From the first line to the last, copy the material word for word; pictures stay out.

DATA SHOWN:
════════
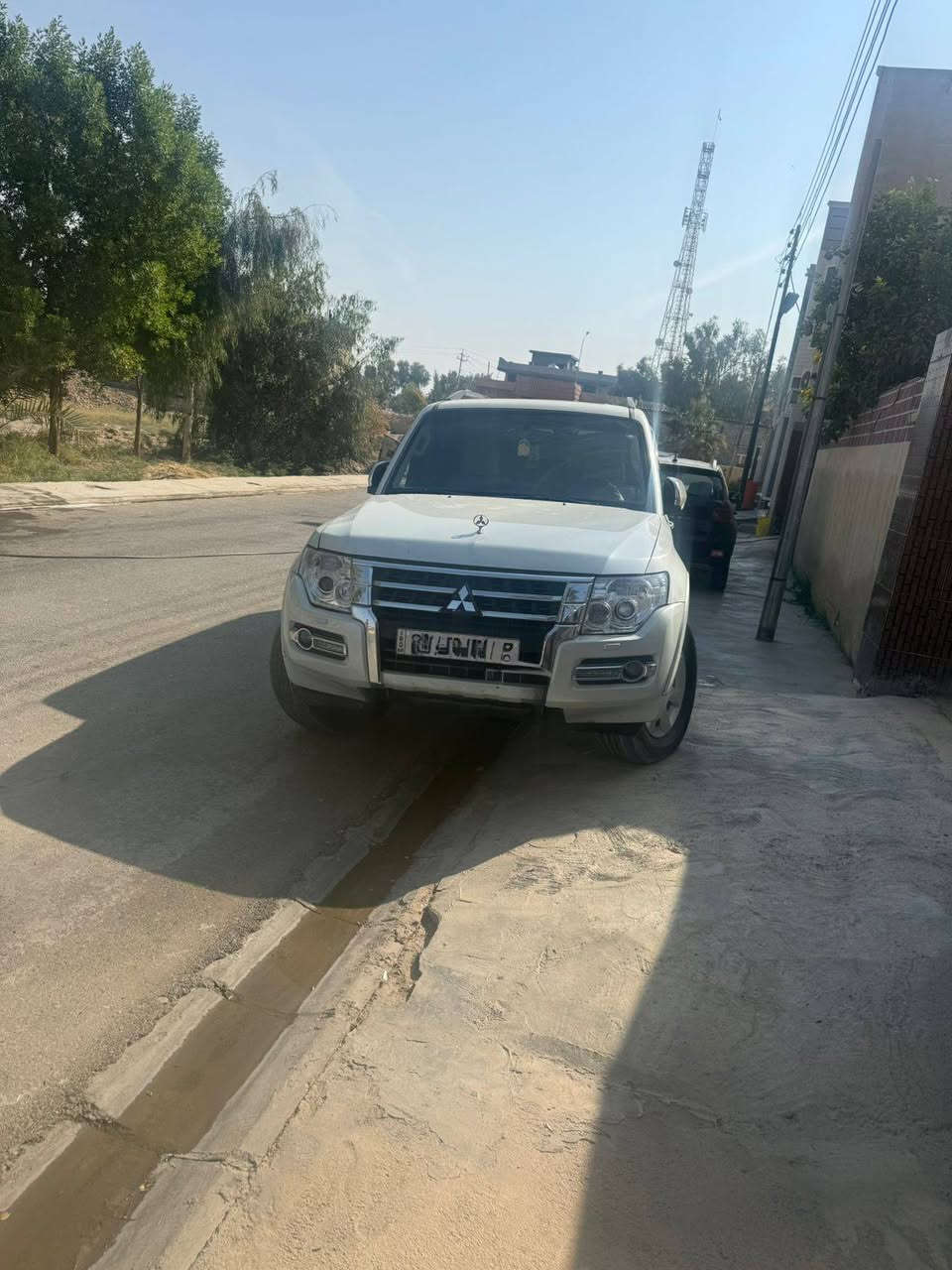 السلام عليكم باجيرو موديل 15سياره فول خليجي مكينه 3500 مواصفات حبتور دمام ثلاجه 3قطع تبريد بنو وامه مري شفط سياره نضيفه مال جناي ماشيه 150حقيقي (حادثه جدا بسيط بيه بارد جاملغ وبنيد مبدليهن وموجودات البلادي مالتهن يرجعن بارد حته صبغ ما واكع) سعر 190وبي مجال مكاني بغداد ***********
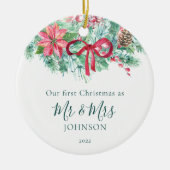 Eerste kerstfoto Pas getrouwd Berries & Greenery Keramisch Ornament (Voorkant)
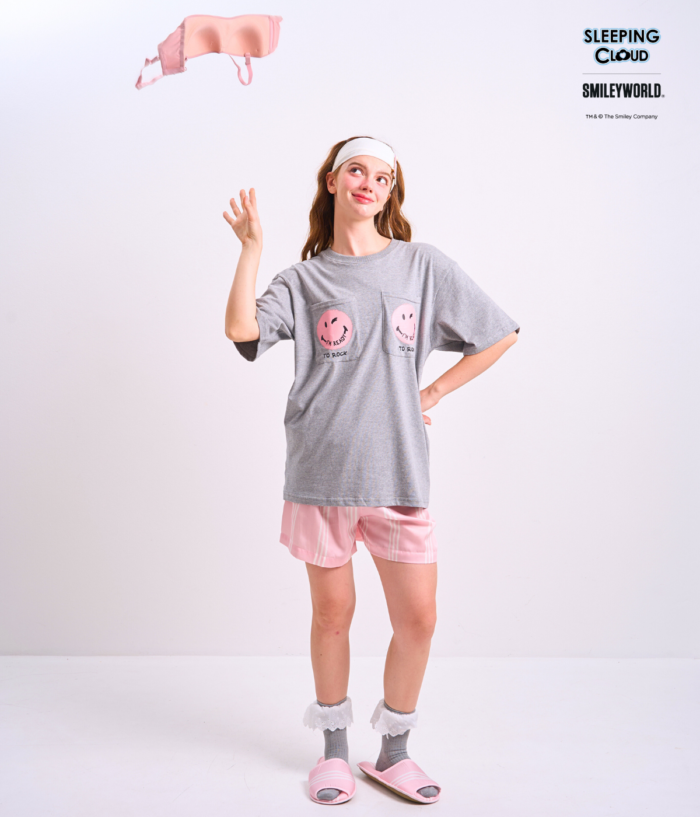 Braless T-Shirt set, Gray T-Shirt + Shorts : Pink - Image 4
════════
FINISHED TASK:
 السلام عليكم باجيرو موديل 15سياره فول خليجي مكينه 3500 مواصفات حبتور دمام ثلاجه 3قطع تبريد بنو وامه مري شفط سياره نضيفه مال جناي ماشيه 150حقيقي (حادثه جدا بسيط بيه بارد جاملغ وبنيد مبدليهن وموجودات البلادي مالتهن يرجعن بارد حته صبغ ما واكع) سعر 190وبي مجال مكاني بغداد ***********
 Eerste kerstfoto Pas getrouwd Berries & Greenery Keramisch Ornament (Voorkant)
 Braless T-Shirt set, Gray T-Shirt + Shorts : Pink - Image 4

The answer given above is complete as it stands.